1974 book by Frederick Buechner

The Faces of Jesus: a life story is a collection of meditations by Frederick Buechner on the life and person of Jesus Christ. The work gathers and discusses a selection of artistic portrayals of Jesus, including a variety of forms, from tapestry to sculpture. Published in 1974 by Simon and Schuster, Faces of Jesus is Buechner’s fifth non-fiction work.

== Composition ==
In his autobiographical work, Now and Then (1983), Buechner recalls being asked to "supply a text to accompany a beautifully reproduced set of color photographs of various attempts over the centuries to depict the likeness of Christ". The author describes the visual content as "rich and varied", including "primitive African carvings, Renaissance paintings, medieval tapestries and vestments, a scrimshaw crucifixion, a head of Jesus painted on the slatted overhead door of a garage". "Some of them", Buechner writes, were "deeply moving, some of them tasteless and terrible, some of them fascinatingly both".

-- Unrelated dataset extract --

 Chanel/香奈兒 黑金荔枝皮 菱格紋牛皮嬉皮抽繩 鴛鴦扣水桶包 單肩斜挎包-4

The author compares the composition of his fifth non-fiction work to that of his fourth and seventh. In The Faces of Jesus, he writes, "I responded to the pictures, just as in Wishful Thinking and Peculiar Treasures I responded to my memories of teaching at Exeter". Concerning writing as “response” to material and memory, Buechner writes that the work is not "in any sense either a scholar’s life of Christ or a complete life, but as much of a life as emerged from the pictures themselves."

== Themes ==
Buechner scholar Dale Brown writes that The Faces of Jesus represents the author’s "single foray into the coffee-table genre". It is perhaps unsurprising, however, that Buechner would choose to take on the project, since incarnation, as Marjorie Casebier McCoy writes, "is an underlying theme in all Buechner’s work". Despite its more casual nature, the work is still redolent with the themes that are common throughout Buechner’s work. Brown identifies these as the search for meaning, the quest for self-identity, the ambiguities of life, and belief versus unbelief. This is presence of these themes is especially apparent in the introduction, which the author begins with the phrase: "Whoever he was or was not, whoever he thought he was, whoever he has become in the memories of men since and will go on becoming for as long as men remember him – exalted, sentimentalized, debunked, made and remade to the measure of each generation’s desire, dread, indifference – he was a man once, whatever else he may have been".